On May 28, the University of Massachusetts Boston honored Bernard Osher for his benevolence to mature students.
Chancellor J. Keith Motley welcomed Osher on his first-time visit to campus. Addressing some 80 guests at the Alumni Lounge, Motley celebrated the impact of the Osher Foundation philanthropy on the Osher Lifelong Learning Institute (OLLI) for seniors at the McCormack Graduate School.
Motley called Osher a “kindred spirit” to the founders of our university whose mission remains today to broaden access to higher education. “The Bernard Osher Foundation also believes that educational opportunity should not be limited,” the chancellor noted. “Through the Osher Lifelong Learning Institute …, the Osher Foundation focuses on supporting learning opportunities for mature students at this university and across the country.”
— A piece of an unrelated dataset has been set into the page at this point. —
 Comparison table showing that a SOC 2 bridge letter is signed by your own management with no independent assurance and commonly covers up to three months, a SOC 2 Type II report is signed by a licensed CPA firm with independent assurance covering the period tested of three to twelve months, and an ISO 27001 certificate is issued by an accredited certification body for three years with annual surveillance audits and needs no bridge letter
Commenting on the impact Osher has had, Dean Ira A. Jackson stated, “Thanks to Barney Osher, UMass Boston now has the largest OLLI program in the region and the first with an LGBT caucus. His pioneering investment in continuing education has been transformational. And despite the enormity of his generosity, he remains humble, funny, and totally approachable. What a wonderful partner!”
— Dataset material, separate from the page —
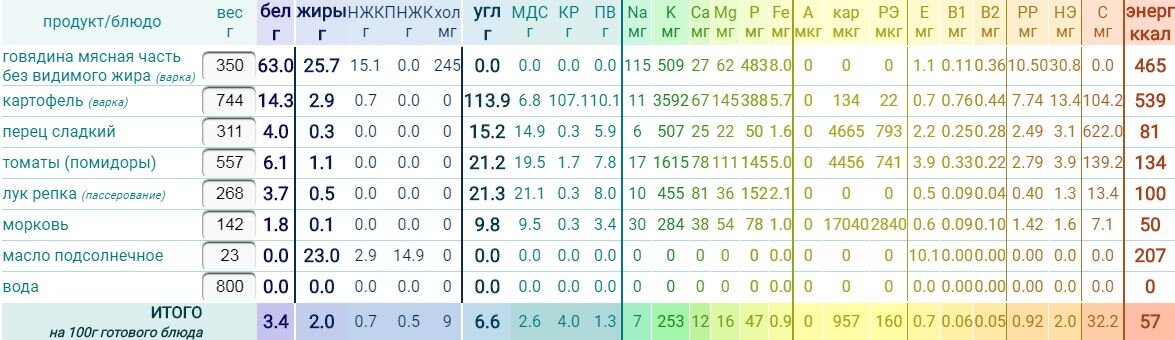 Полный расчёт рецепта на KgMinus.ru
The following day, Bernard Osher received an honorary degree from UMass Boston: Doctor of Humane Letters, Honoris Causa. In his award speech, the chancellor praised Osher as a patron of education and the arts and a civic-minded community leader and respected businessman. He acknowledged that, with his commitment to lifelong learning, UMass Boston’s OLLI Program has empowered 1100 seasoned adults to pursue learning for pure joy.
Osher was also celebrated for supporting 40 Osher ReEntry Scholars, UMass Boston students between the ages 25 and 50 who are pursuing undergraduate degrees after a hiatus of five years or more in their formal education. This special scholarship recognizes that nontraditional college students have much to contribute to our workforce.